Picture the scene: You’ve offered to cook dinner but have no idea what to make. And everyone is sitting around the table hungry.


A party yearning to topple the Government on the back of one crucial question might be expected to have a strategy to deal with it. Not Labour. Jeremy Corbyn and co have been plotting their course to power by way of the so-called Commons ‘meaningful vote’ on the draft Brexit deal in December. The Government is all-but certain to be defeated when MPs from its own side join forces with the opposition to vote against the controversial blueprint - dealing a potentially fatal blow to the permanently-struggling Theresa May administration. Labour argues that will be the opportunity to take over - whether through a snap general election or by forming a minority administration if the Government cannot command a working majority.

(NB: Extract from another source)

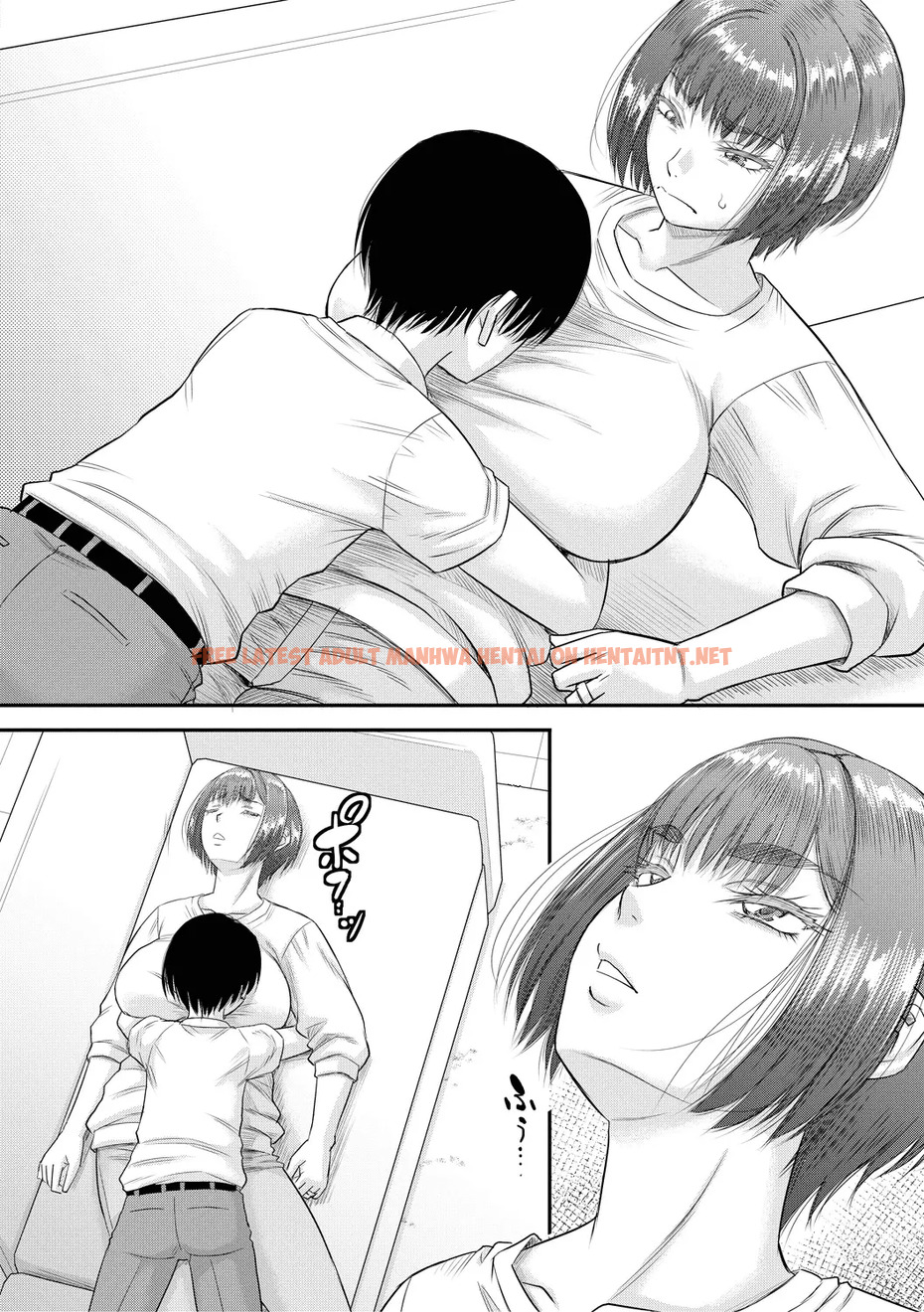 Read Hentai Image 133 in comic Atarashii Mama Wa Boku No Ana - One Shot - hentaitnt.net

But in an interview with the House Magazine this week, Shadow Brexit Secretary Keir Starmer had little to say about how Labour would push ahead with Brexit negotiations if it gets the chance. The party wants a “close economic partnership” with the bloc, including membership of the customs union and a single market “deal” - but how it would secure its demands remains a mystery. Starmer says Labour would “take each step as it comes” and would rather complain about Theresa May running down the clock than be clear on how Labour might use the little time left or whether it would apply for an extension. He speaks of the Labour proposals as ideas which "could have been negotiated" rather than ongoing possibilities.

Meanwhile, the party is split over the tone it wants to take on Brexit. Jeremy Corbyn this week said the withdrawal from the EU could act as a “catalyst” to boost the British economy - once more flirting with eurosceptic language to appeal to Labour voters in Brexit heartlands. But Starmer refused to take a similar tack. Instead he argued the “most important thing is to safeguard the economy” and warned that a failure to protect manufacturing and services through the process would lead to job losses.

The Shadow Brexit Secretary could not even think of a single benefit of quitting the EU. “It's very difficult for somebody who voted Remain to say that there are positives to come out of this - but we voted to have a referendum,” he said. And yet he is tasked to deliver it if Jeremy Corbyn reaches Downing Street.

The demand for an election from Labour surely prompts a pivotal question: Would a fight over party politics, wide-ranging manifesto commitments and leadership really answer the questions thrown up by Brexit? Starmer thinks it could - while offering a chance for Brits to spell out what they want for the country afterwards. But the blueprint for how it gets to that 'afterwards' appears to be unwritten. 

Labour clearly has its eye on post-Brexit power - but unless it wants to find itself with empty plates at dinner time, it needs some more immediate answers too.